Well, how much time do you have? How much time before your job disappears? How much time before you can't pay your mortgage or meet your other obligations? How much time before your savings (assuming you have any) are gone?
Obama is guaranteed a paycheck for the next four years. Are you?
All of which he realizes. And he wants to work quickly.
"The American people expect action," he said Tuesday after meeting with Republican House members on Capitol Hill. "The key right now is to keep politics to a minimum. I do hope that we can all put politics aside and do the American people's business right now."
There are at least four reasons this won't be easy: The problem is massive; nobody really knows what will work; the proposed fixes are not popular with the American people; and members of Congress hardly ever put politics aside. It is like asking them to put oxygen aside.
You would think spending money to help save the economy our jobs, our savings, our lives would have massive public support, but that is not so. In a recent NBC News/Wall Street Journal poll conducted a few weeks ago, people were asked which things they feared Obama "will go too far" in pushing.
Guess what No. 1 was? Pulling troops out of Iraq too quickly? No, only 41 percent of Americans fear that. Appointing liberal justices to the Supreme Court? No, only 38 percent are concerned about that. How about "promoting a liberal agenda on social issues such as gay rights and abortion"? Nope, just 36 percent of the country is worried about that.

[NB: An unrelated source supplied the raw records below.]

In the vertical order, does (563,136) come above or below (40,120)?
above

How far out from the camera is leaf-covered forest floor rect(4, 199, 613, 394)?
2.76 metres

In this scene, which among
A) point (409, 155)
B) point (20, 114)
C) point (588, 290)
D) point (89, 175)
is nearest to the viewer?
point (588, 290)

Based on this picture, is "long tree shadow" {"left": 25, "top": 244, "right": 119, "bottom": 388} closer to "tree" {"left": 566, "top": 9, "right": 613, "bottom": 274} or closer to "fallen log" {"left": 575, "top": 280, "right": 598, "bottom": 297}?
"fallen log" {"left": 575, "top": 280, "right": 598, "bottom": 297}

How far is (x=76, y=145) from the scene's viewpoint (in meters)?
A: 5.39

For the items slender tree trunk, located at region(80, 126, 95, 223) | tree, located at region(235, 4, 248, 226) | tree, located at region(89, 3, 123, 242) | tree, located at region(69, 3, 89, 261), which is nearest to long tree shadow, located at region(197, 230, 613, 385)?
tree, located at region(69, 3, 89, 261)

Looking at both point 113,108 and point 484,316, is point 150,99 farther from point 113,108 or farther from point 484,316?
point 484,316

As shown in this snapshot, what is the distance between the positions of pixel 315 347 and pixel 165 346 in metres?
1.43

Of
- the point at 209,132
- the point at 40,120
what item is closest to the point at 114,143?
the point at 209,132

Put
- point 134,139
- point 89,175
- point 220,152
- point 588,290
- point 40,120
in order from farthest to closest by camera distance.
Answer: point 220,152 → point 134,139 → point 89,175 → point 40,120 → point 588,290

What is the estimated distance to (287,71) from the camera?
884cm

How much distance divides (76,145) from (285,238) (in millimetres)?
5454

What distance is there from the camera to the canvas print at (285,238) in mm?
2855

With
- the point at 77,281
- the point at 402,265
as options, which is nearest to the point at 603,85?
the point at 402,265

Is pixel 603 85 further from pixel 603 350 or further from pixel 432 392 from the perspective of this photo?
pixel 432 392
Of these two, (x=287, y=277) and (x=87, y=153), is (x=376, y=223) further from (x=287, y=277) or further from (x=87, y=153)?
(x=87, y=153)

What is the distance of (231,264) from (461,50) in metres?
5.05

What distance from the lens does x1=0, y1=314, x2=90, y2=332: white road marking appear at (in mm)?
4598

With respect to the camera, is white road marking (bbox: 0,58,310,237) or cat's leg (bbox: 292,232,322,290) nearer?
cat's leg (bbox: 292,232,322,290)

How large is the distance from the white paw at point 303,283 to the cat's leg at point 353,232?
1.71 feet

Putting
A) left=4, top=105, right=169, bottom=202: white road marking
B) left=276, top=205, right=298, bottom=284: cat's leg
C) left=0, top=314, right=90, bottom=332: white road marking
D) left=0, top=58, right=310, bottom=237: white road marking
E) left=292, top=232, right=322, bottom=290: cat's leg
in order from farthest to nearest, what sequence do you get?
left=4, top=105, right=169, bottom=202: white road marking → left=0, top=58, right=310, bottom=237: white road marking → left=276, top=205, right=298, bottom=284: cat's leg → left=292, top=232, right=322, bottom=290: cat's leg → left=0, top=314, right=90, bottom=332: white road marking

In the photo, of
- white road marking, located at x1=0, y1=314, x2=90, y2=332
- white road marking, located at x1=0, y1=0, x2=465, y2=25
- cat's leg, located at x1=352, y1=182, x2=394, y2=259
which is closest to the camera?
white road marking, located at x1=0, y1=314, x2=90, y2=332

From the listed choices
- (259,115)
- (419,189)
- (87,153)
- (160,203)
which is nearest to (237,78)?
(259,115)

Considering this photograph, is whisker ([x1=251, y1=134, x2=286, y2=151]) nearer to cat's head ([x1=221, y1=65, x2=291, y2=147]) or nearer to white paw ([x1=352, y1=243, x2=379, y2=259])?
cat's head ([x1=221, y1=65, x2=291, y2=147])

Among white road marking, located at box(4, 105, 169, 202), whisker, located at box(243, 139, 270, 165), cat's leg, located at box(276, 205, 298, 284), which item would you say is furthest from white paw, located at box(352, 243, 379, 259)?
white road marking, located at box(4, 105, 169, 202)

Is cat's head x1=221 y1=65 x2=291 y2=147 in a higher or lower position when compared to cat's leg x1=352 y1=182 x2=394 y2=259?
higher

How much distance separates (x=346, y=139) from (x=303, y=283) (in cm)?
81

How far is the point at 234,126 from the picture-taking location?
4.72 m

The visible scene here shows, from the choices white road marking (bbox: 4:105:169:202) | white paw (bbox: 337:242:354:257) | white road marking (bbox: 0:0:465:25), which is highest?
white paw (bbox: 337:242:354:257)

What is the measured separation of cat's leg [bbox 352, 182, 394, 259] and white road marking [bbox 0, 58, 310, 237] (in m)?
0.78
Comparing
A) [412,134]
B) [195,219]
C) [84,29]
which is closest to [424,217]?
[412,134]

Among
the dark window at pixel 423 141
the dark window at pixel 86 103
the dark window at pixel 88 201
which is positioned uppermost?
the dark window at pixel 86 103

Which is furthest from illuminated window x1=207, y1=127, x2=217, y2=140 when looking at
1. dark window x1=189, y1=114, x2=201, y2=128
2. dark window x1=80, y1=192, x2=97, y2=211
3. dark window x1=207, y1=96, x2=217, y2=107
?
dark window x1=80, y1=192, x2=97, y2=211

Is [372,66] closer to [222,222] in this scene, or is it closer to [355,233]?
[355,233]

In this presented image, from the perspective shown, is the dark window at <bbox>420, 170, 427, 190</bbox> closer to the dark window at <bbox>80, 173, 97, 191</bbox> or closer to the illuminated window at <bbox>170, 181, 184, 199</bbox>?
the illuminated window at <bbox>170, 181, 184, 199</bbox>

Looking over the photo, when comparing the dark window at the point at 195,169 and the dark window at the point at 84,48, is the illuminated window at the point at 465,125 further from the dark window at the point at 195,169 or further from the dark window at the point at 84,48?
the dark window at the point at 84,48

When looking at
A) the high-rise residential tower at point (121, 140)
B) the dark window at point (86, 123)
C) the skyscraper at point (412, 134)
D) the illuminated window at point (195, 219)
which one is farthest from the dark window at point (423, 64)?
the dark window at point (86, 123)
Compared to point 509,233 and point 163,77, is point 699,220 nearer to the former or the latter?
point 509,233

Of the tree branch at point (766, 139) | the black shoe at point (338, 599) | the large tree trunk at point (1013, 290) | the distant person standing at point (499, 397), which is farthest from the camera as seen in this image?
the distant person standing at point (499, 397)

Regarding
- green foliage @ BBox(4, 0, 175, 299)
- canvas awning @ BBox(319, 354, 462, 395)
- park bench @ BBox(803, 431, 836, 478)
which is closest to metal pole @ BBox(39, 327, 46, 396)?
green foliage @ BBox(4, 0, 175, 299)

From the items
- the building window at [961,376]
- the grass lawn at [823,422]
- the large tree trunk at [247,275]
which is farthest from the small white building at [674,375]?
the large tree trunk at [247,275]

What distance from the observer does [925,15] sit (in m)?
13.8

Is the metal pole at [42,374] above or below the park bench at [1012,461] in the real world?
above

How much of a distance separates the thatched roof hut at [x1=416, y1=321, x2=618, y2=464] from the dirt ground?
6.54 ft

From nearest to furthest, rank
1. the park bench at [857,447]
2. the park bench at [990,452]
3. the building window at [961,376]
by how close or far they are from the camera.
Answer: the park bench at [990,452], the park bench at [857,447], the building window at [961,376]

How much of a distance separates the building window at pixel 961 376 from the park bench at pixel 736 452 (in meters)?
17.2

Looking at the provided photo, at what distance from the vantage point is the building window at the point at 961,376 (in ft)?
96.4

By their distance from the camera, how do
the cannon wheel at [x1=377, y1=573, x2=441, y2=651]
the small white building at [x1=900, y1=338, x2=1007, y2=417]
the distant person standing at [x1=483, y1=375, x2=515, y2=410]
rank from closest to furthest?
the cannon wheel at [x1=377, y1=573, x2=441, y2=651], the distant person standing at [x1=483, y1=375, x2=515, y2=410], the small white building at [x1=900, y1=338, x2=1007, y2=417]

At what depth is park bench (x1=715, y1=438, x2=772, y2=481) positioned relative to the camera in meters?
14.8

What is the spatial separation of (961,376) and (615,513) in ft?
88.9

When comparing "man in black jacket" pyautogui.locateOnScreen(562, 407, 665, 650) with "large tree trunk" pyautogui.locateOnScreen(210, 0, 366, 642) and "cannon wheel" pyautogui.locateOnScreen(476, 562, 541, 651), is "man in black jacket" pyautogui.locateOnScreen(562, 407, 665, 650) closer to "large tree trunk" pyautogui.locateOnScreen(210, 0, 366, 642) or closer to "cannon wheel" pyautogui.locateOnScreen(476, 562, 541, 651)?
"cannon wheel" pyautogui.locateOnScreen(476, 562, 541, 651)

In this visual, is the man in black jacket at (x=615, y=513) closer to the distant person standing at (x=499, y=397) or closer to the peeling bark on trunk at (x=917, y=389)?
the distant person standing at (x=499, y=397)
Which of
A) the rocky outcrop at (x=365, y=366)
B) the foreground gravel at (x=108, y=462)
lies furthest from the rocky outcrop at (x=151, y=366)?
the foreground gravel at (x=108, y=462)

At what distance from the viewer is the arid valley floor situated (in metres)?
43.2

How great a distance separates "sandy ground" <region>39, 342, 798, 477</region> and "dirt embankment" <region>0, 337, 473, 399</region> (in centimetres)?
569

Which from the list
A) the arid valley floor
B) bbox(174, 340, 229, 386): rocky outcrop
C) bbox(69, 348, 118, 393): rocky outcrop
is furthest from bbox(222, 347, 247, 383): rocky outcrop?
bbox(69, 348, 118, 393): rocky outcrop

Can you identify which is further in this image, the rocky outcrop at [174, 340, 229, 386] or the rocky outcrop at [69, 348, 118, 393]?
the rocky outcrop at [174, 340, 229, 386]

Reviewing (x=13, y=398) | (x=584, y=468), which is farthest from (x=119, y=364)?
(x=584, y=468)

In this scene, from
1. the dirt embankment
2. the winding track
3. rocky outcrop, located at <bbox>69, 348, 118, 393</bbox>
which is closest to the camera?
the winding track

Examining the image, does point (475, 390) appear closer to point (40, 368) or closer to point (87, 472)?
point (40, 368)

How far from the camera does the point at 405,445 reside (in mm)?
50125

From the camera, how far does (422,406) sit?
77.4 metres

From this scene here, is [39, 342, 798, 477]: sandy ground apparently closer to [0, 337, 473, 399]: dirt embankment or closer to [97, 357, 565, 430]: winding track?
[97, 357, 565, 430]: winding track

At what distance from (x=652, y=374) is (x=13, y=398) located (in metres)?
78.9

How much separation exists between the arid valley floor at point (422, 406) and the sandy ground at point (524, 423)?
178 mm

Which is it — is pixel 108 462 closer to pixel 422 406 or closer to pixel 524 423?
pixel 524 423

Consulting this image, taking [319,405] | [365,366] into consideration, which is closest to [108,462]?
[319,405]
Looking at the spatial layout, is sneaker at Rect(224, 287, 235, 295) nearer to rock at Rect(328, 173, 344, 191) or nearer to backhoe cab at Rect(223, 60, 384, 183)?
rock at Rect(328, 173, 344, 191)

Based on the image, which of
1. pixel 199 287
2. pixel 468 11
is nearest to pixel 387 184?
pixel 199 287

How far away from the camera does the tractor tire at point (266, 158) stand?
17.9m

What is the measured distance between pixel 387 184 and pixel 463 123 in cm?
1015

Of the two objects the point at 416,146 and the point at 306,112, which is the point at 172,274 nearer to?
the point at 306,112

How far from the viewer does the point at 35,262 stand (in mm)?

The No. 1 fear that Americans have when it comes to Barack Obama is that he will go too far in "providing financial aid and loans to corporations." That got 52 percent, the only concern shared by a majority of people.
Wall Street has not helped with this. Last year, Congress approved a $700 billion bailout for troubled financial institutions, some of which went for wild parties, huge bonuses, a $230,000 annual salary for a chauffeur and $1.2 million for an office redecoration that included an $88,000 area rug. (Maybe it was made out of Corinthian leather.)
Main Street is upset with this. Main Street thinks good money may be thrown after bad. The original bailout bill, which set in motion the spending of $350 billion, passed the Senate last year by a vote of 74-25. The vote this month to spend the second $350 billion passed by a vote of only 52-42.
Now Barack Obama has his own plan. It is not a bailout bill but a stimulus bill, and it has an $825 billion price tag. There are probably enough Democrats in the House and Senate to pass it, but Obama wants bipartisan support. He wants the nation to pull together. And he also may have to go back to Congress for even more money, and that may be impossible without some real bipartisanship.
Why is bipartisanship so difficult? One reason is decade upon decade of gerrymandering, which has left almost all congressional districts with large Republican majorities or large Democratic majorities. That is why incumbents almost never lose.
But incumbents can lose primaries, especially if an opponent claims to be a more "real," i.e. more partisan, Republican or a more "real" Democrat. So incumbents don't like to risk votes that make them look less partisan. They see no profit in it.
Wait a second. Aren't our lawmakers supposed to put concern for the nation above concern for their own reelection?
Yes. And the skies will open, the light will come down, celestial choirs will be singing and everyone will know we should do the right thing, and the world will be perfect.
In other words, don't make me laugh.